Los Angeles Angels
- Shortstop
- Born: October 16, 2005 (age 20) Tampa, Florida, U.S.
- Bats: RightThrows: Right
- Stats at Baseball Reference

= Arjun Nimmala =

American baseball player (born 2005)

Arjun Nimmala (born October 16, 2005) is an American professional baseball shortstop in the Los Angeles Angels organization.

==Early life==
Nimmala's parents immigrated to the United States from India. As a youth, Nimmala primarily played cricket and spent his summers visiting his relatives in Vijayawada, Andhra Pradesh. His family spoke Telugu at home. He lives in Valrico, Florida.

==Amateur career==
Nimmala attended Strawberry Crest High School. He committed to play college baseball at Florida State University while he was a freshman in high school.

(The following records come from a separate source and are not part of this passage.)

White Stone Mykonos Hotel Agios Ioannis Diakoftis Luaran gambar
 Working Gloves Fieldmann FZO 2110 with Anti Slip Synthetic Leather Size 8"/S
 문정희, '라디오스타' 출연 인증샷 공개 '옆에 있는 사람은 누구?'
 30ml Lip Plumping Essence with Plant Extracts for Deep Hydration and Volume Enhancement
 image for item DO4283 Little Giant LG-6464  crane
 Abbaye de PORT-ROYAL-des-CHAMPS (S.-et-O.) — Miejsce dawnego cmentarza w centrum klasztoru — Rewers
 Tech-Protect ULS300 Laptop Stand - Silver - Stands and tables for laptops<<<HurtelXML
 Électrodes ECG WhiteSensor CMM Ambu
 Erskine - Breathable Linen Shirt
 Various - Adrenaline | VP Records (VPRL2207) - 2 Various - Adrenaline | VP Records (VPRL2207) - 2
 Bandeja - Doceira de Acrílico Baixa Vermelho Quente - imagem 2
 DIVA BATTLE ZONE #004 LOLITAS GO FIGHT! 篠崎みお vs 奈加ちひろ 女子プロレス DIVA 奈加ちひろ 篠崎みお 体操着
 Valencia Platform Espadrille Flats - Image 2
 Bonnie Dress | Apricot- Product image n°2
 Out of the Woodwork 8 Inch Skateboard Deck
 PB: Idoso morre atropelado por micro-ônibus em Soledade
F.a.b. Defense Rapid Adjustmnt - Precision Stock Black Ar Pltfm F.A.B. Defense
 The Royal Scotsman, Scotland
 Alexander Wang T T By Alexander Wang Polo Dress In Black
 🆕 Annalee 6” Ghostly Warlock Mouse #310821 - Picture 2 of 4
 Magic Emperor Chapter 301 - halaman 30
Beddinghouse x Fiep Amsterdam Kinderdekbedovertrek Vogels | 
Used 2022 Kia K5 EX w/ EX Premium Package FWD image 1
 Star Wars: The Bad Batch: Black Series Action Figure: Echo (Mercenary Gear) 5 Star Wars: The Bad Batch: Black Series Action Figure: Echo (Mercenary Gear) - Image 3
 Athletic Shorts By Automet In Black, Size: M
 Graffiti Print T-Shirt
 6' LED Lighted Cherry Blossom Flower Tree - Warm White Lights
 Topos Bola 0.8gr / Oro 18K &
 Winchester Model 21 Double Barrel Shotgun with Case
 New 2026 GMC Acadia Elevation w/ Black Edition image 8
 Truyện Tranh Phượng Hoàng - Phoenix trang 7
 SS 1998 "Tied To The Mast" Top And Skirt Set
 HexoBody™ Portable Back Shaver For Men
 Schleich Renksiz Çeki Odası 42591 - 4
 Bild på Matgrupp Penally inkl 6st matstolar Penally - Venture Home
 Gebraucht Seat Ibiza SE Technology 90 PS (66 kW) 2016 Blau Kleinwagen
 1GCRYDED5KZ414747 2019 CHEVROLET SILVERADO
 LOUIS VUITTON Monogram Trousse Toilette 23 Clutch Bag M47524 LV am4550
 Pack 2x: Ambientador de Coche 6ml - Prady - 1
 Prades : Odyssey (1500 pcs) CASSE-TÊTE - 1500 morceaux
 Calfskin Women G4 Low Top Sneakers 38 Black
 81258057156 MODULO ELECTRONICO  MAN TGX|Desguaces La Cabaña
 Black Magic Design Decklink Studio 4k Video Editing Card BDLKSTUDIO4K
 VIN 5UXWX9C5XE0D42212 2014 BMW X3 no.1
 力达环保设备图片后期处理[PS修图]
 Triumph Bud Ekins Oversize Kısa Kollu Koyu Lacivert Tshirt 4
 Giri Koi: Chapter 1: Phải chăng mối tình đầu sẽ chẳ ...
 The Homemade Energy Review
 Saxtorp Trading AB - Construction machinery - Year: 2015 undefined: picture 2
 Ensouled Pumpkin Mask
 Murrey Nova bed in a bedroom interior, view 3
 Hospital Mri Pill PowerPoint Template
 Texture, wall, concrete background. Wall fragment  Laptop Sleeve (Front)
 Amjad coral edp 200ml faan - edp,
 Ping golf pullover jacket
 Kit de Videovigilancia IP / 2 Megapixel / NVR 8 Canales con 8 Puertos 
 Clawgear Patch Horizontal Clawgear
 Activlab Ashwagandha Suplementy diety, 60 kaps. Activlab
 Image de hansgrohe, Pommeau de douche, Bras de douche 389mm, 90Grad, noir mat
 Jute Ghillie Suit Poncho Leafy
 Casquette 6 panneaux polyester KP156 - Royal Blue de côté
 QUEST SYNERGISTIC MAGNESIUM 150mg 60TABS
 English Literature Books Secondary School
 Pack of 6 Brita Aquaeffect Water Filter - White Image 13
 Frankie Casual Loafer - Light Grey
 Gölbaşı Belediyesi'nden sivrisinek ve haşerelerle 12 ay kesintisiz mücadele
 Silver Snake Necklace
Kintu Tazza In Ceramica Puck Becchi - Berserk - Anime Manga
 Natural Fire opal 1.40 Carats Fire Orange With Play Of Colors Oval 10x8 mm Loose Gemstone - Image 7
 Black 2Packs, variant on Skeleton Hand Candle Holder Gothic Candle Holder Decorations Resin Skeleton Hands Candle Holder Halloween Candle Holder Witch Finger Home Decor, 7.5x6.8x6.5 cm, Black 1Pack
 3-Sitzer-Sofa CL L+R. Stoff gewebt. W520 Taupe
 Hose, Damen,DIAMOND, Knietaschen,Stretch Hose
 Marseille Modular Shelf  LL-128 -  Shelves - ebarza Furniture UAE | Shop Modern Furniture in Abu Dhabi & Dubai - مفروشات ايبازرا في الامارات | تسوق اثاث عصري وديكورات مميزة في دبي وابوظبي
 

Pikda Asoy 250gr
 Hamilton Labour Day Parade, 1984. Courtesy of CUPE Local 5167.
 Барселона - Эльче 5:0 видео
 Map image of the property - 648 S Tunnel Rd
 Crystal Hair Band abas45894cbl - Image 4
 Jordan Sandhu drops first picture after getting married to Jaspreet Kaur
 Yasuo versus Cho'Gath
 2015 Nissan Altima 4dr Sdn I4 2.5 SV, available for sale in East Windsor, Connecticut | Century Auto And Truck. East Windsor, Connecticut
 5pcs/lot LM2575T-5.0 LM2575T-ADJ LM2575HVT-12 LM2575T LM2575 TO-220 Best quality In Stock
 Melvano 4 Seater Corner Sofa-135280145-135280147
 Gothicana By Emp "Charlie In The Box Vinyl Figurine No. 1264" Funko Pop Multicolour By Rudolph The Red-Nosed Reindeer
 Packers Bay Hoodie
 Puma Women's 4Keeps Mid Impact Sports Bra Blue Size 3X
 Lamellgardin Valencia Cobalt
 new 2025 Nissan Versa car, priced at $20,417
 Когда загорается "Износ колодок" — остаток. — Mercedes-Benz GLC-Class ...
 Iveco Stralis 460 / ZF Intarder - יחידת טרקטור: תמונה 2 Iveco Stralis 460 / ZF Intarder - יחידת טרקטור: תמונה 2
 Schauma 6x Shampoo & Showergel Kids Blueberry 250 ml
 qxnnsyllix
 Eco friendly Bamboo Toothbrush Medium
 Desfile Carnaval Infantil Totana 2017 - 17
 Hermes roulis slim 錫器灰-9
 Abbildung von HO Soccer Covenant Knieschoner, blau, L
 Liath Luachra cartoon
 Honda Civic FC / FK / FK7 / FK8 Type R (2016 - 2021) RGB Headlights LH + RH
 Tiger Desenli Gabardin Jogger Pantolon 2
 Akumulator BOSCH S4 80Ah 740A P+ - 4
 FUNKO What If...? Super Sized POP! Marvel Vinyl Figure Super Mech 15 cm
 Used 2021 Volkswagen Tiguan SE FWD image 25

Nimmala was named the Florida Gatorade player of the Year and the Wade Boggs Athletic Award, given to the best player in Hillsborough County, Florida, as a senior after batting .479 with six home runs and 29 runs batted in (RBIs).

==Professional career==
===Toronto Blue Jays===
The Toronto Blue Jays selected Nimmala in the first round, with the 20th overall selection, in the 2023 Major League Baseball draft. He signed with the Blue Jays on July 17, 2023, for a below slot value of $3,000,000. Nimmala appeared in nine games for the Rookie-level Florida Complex League Blue Jays, batting .200 with three RBIs, and 14 walks against eight strikeouts. In 2024, Nimmala played primarily for the Low-A Dunedin Blue Jays, appearing in 90 total games and batting .232 with 17 home runs, 47 RBI, and nine stolen bases. Nimmala played the entire 2025 season with the High-A Vancouver Canadians. In 120 games, he hit .224 with 13 home runs, 61 RBI, and 17 stolen bases. At 19 years of age, Nimmala was one of the youngest players in High-A in 2025, and played against competitors who were, on average, 3.3 years older than him.

===Los Angeles Angels===
On August 3, 2026, the Blue Jays traded Nimmala, along with Eddie Micheletti and Angel Rivero to the Los Angeles Angels in exchange for José Soriano.